Eighth Circuit affirms exclusion of juve who moved from Nebraska's sex offender registry

As noted in this prior post last year, a federal judge has blocked Nebraska from putting a 13-year-old boy who moved to the state from Minnesota on its public sex offender registry. Yesterday, an Eighth Circuit panel affirmed this ruling via this opinion which starts this way:

The State of Nebraska, along with the Nebraska State Patrol (NSP) and various state officials (collectively, the State), appeals the district court's grant of summary judgment to A.W. and A.W.'s guardians, John and Jane Doe, enjoining it from applying to A.W. a provision of Nebraska's Sex Offender Registration Act (SORA).  That provision, Neb. Rev. Stat. § 29-4003(1)(a)(iv), applies SORA to any person who, on or after January 1, 1997, "[e]nters the state and is required to register as a sex offender under the laws of another village, town, city, state, territory, commonwealth, or other jurisdiction of the United States."  We hold that this provision does not apply to appellant A.W. and, accordingly, affirm the district court.

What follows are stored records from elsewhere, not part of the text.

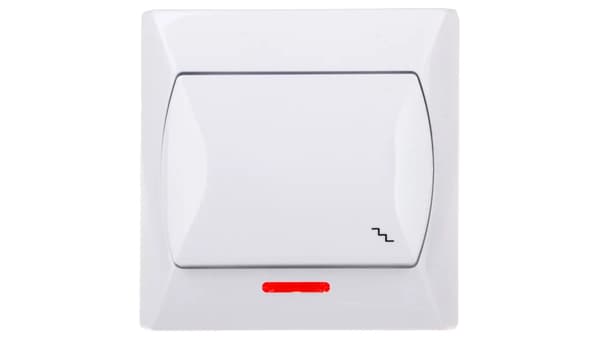 Ospel Trappströmbrytare med orange ljus AKCENT LP-3AS/00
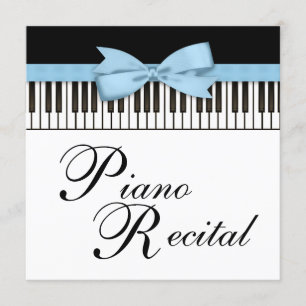 Invitation Touches de piano noires et blanches pour récital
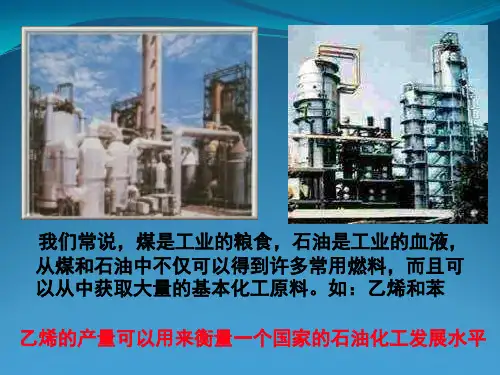 高中化学 第三章第二节《来自石油和煤两种基本化工原料》课件 新人教版必修2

The full panel ruling is interesting for how it applied Nebraska's sex offender registry law, but a final footnote highlights some broader constitutional questions the panel saw implicated in the case. Here are excerpts from the footnote:

We note that even if we found "sex offender" to be ambiguous, leaving us with the choice of selecting between two reasonable constructions, one requiring conviction and one not, we would be strongly inclined to affirm the district court.  We believe the application of SORA and its public notification requirement to juveniles adjudicated delinquent in other jurisdictions but not in Nebraska raises serious constitutional concerns under the rights to travel and to equal protection of the laws.  Of the events triggering application of SORA under NSP regulations -- residency, employment, carrying on a vocation, or attending school in Nebraska, 272 Neb. Admin. Code ch. 19 § 003.02 -- it is highly likely a juvenile would be subject to SORA due to residency. This raises troubling implications under the third prong of the right to travel, arising from the Privileges and Immunities and the Privileges or Immunities Clauses of the U.S. Constitution..., as well as under the Equal Protection Clause.  Further, to the extent the purpose of § 29-4003(1)(a)(iv) is to prevent migration into the state of undesirable citizens, application of SORA to A.W. under that provision may raise other constitutional concerns as well. Saenz, 526 U.S. at 503 ("The states have not now, if they ever had, any power to restrict their citizenship to any classes or persons." (quoting Slaughter-House Cases, 83 U.S. 36, 112 (1872) (Bradley, J., dissenting))). Given the choice between two reasonable constructions, we will generally avoid a construction that raises "grave and doubtful constitutional questions." Union Pac. R.R. Co. v. United States Dep't of Homeland Sec., 738 F.3d 885, 892 (8th Cir. 2013).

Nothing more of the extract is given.